For anyone who's looking to apply tqdm on their custom parallel pandas-apply code.
(I tried some of the libraries for parallelization over the years, but I never found a 100% parallelization solution, mainly for the apply function, and I always had to come back for my "manual" code.)
df_multi_core - this is the one you call. It accepts:
- Your df object
- The function name you'd like to call
- The subset of columns the function can be performed upon (helps reducing time / memory)
- The number of jobs to run in parallel (-1 or omit for all cores)
- Any other kwargs the df's function accepts (like "axis")
_df_split - this is an internal helper function that has to be positioned globally to the running module (Pool.map is "placement dependent"), otherwise I'd locate it internally..
here's the code from my gist (I'll add more pandas function tests there):
import pandas as pd
import numpy as np
import multiprocessing
from functools import partial
def _df_split(tup_arg, **kwargs):
split_ind, df_split, df_f_name = tup_arg
return (split_ind, getattr(df_split, df_f_name)(**kwargs))
def df_multi_core(df, df_f_name, subset=None, njobs=-1, **kwargs):
if njobs == -1:
njobs = multiprocessing.cpu_count()
pool = multiprocessing.Pool(processes=njobs)
try:
splits = np.array_split(df[subset], njobs)
except ValueError:
splits = np.array_split(df, njobs)
pool_data = [(split_ind, df_split, df_f_name) for split_ind, df_split in enumerate(splits)]
results = pool.map(partial(_df_split, **kwargs), pool_data)
pool.close()
pool.join()
results = sorted(results, key=lambda x:x[0])
results = pd.concat([split[1] for split in results])
return results
Bellow is a test code for a parallelized apply with tqdm "progress_apply".
from time import time
from tqdm import tqdm
tqdm.pandas()
if __name__ == '__main__':
sep = '-' * 50
# tqdm progress_apply test
def apply_f(row):
return row['c1'] + 0.1
N = 1000000
np.random.seed(0)
df = pd.DataFrame({'c1': np.arange(N), 'c2': np.arange(N)})
print('testing pandas apply on {}\n{}'.format(df.shape, sep))
t1 = time()
res = df.progress_apply(apply_f, axis=1)
t2 = time()
print('result random sample\n{}'.format(res.sample(n=3, random_state=0)))

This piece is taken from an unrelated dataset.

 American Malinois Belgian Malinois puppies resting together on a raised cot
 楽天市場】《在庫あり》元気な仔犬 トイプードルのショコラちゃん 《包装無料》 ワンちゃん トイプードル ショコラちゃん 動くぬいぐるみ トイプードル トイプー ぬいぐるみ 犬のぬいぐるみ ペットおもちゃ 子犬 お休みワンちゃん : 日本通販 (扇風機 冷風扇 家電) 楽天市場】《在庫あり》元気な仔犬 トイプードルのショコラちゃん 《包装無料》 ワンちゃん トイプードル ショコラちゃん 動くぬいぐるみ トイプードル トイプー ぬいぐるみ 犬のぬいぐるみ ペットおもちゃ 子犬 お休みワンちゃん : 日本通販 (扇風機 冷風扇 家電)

print('time for native implementation {}\n{}'.format(round(t2 - t1, 2), sep))
t3 = time()
# res = df_multi_core(df=df, df_f_name='apply', subset=['c1'], njobs=-1, func=apply_f, axis=1)
res = df_multi_core(df=df, df_f_name='progress_apply', subset=['c1'], njobs=-1, func=apply_f, axis=1)
t4 = time()
print('result random sample\n{}'.format(res.sample(n=3, random_state=0)))
print('time for multi core implementation {}\n{}'.format(round(t4 - t3, 2), sep))
In the output you can see 1 progress bar for running without parallelization, and per-core progress bars when running with parallelization.
There is a slight hickup and sometimes the rest of the cores appear at once, but even then I think its usefull since you get the progress stats per core (it/sec and total records, for ex)

Thank you @abcdaa for this great library!